== EXERCISE MATERIAL

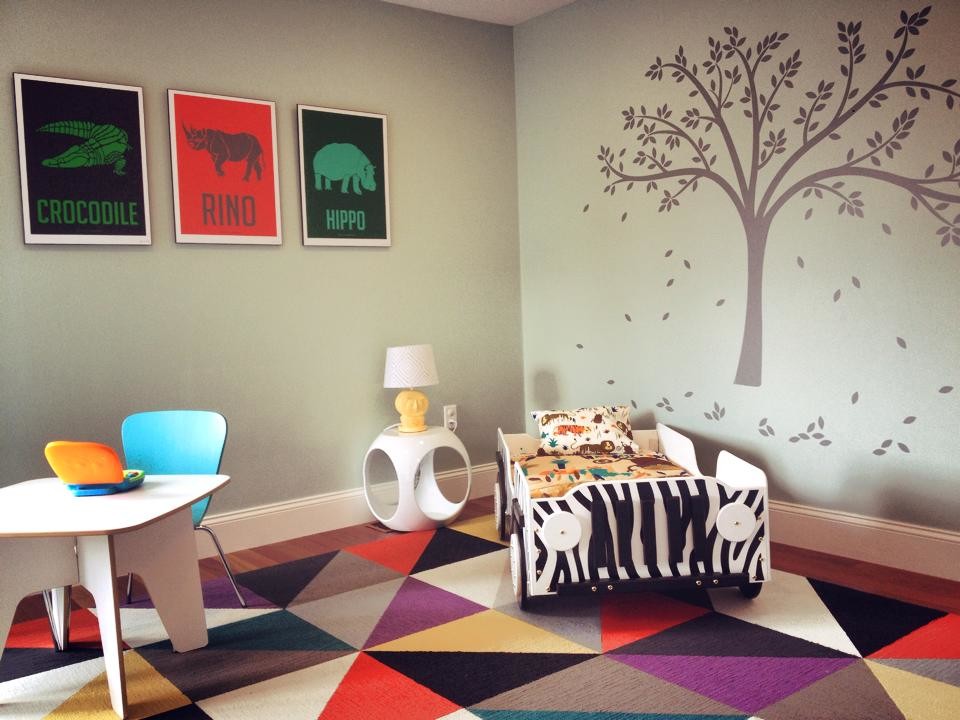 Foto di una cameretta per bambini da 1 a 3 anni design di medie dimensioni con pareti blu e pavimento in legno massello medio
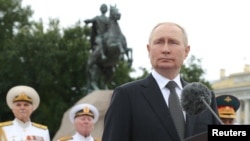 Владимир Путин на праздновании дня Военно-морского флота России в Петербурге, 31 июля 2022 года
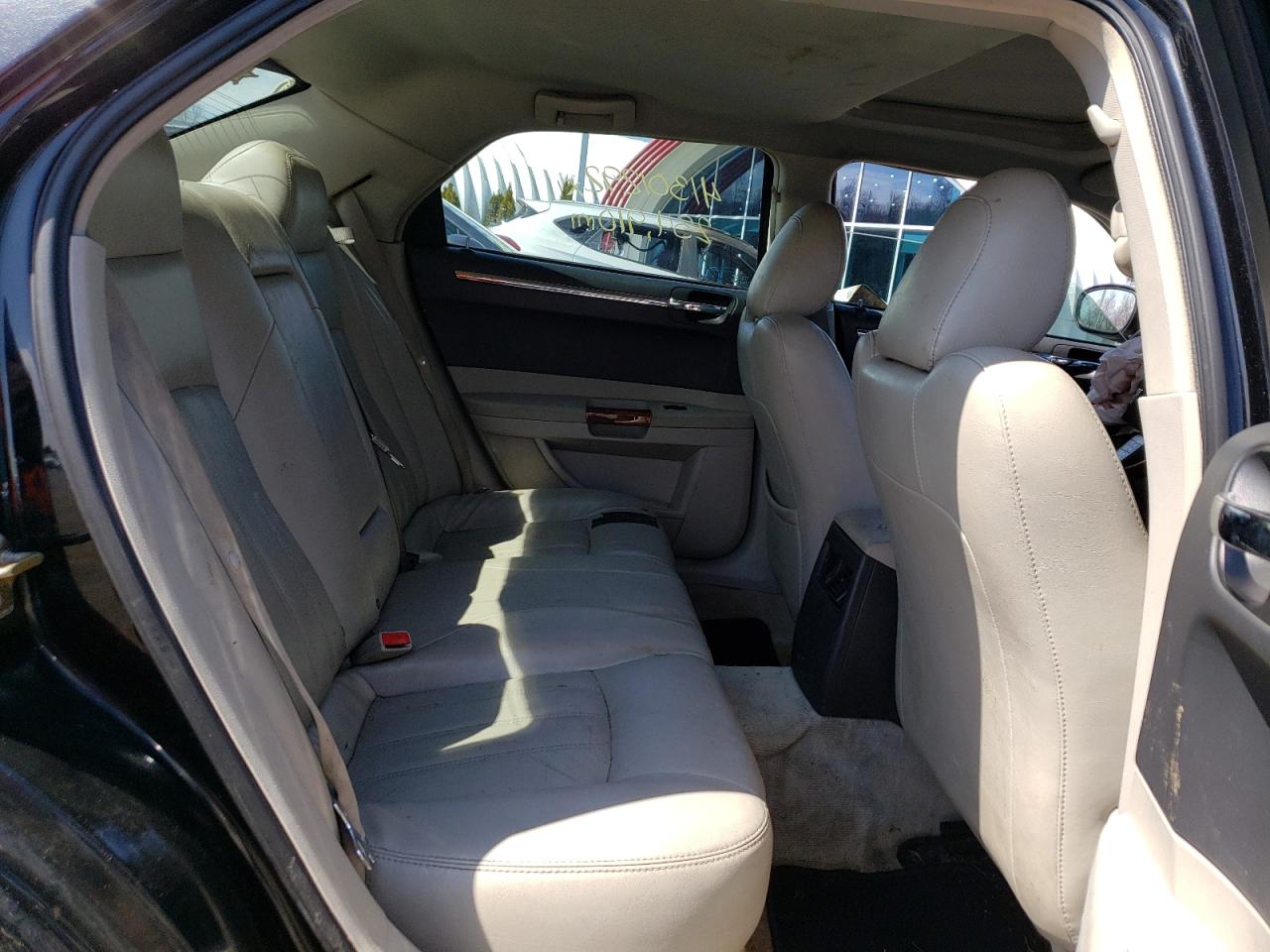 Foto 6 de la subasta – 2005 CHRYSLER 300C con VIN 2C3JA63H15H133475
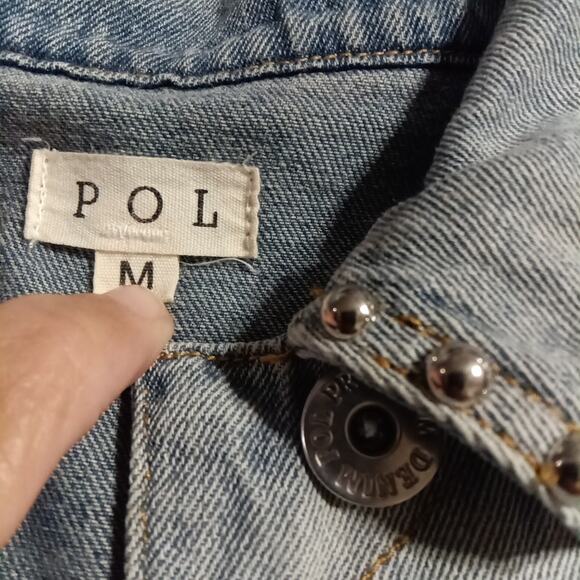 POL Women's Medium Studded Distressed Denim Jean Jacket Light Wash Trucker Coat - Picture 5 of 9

====
== EXERCISE MATERIAL

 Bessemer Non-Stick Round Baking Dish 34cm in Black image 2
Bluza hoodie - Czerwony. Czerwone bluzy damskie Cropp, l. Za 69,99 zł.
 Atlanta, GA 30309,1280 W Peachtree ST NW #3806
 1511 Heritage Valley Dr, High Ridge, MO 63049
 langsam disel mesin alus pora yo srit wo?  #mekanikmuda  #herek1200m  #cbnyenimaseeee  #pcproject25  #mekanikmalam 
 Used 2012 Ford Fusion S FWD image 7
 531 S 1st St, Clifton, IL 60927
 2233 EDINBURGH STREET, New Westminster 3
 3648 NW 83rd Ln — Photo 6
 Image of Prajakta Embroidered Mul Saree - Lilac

====
== EXERCISE MATERIAL

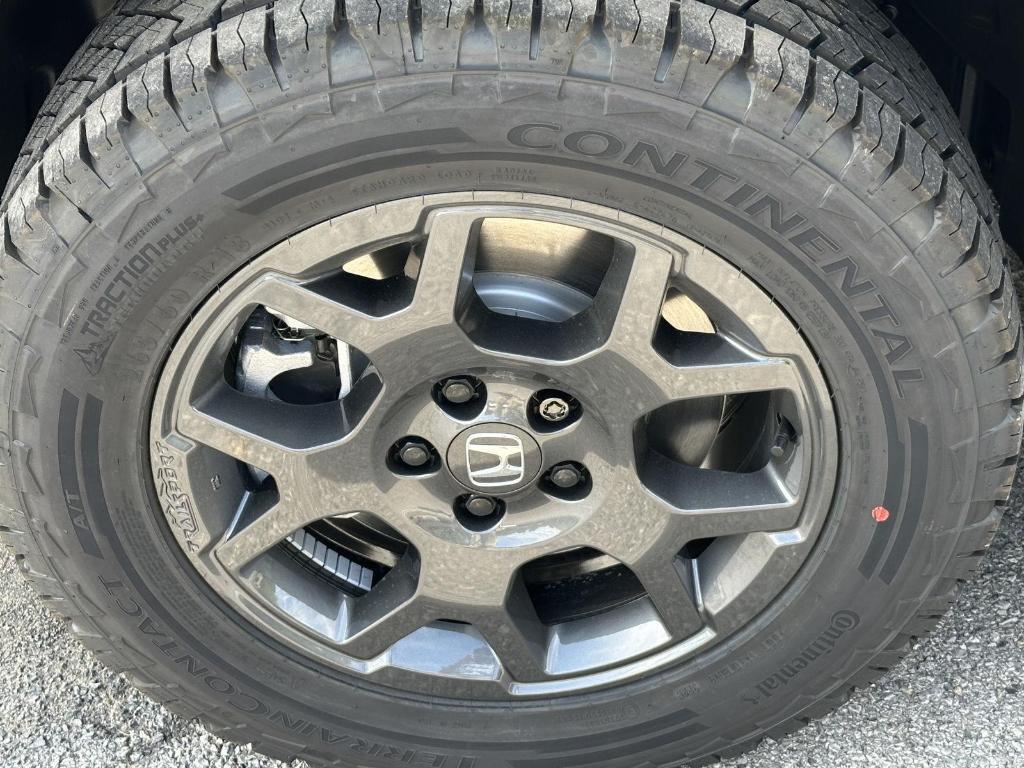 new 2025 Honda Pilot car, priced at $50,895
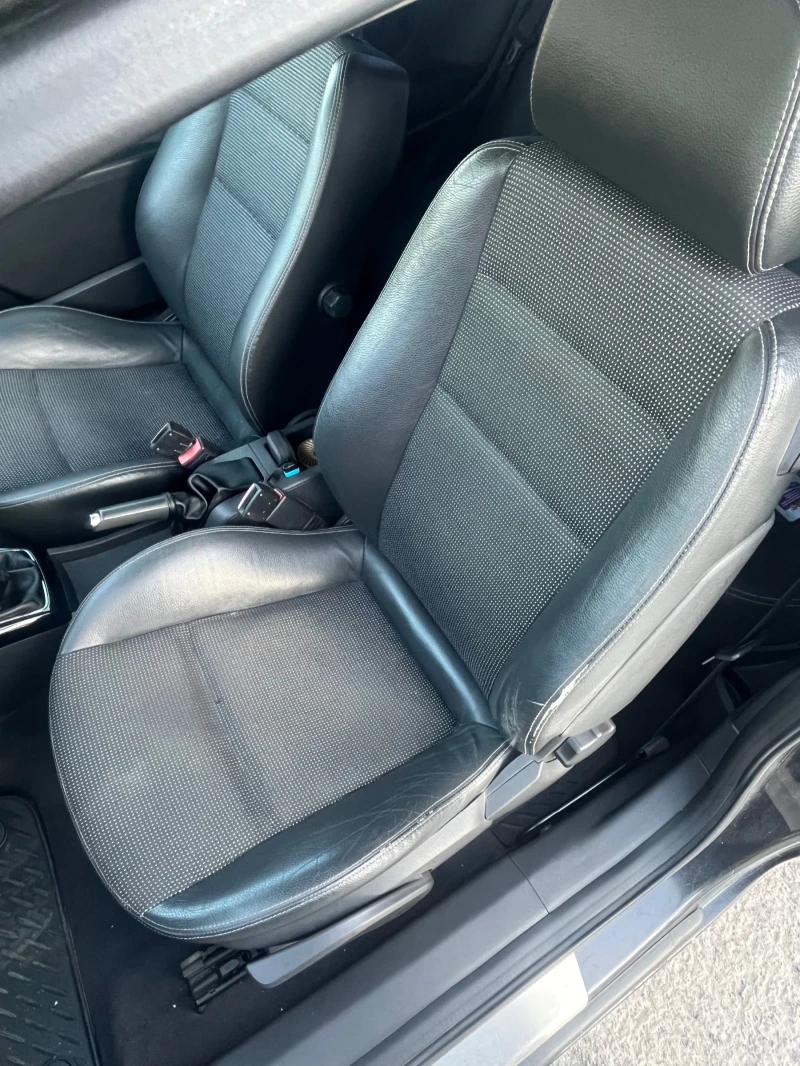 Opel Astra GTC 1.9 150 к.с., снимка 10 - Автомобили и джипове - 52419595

====

_EXERCISE DETAILS_:
Each line above that falls between the line with "Foto di una" and the line with "POL Women's Medium" should be printed exactly, together with those two lines, but the pictures should not.

_EXPECTED ANSWER_:
 Foto di una cameretta per bambini da 1 a 3 anni design di medie dimensioni con pareti blu e pavimento in legno massello medio
 Владимир Путин на праздновании дня Военно-морского флота России в Петербурге, 31 июля 2022 года
 Foto 6 de la subasta – 2005 CHRYSLER 300C con VIN 2C3JA63H15H133475
 POL Women's Medium Studded Distressed Denim Jean Jacket Light Wash Trucker Coat - Picture 5 of 9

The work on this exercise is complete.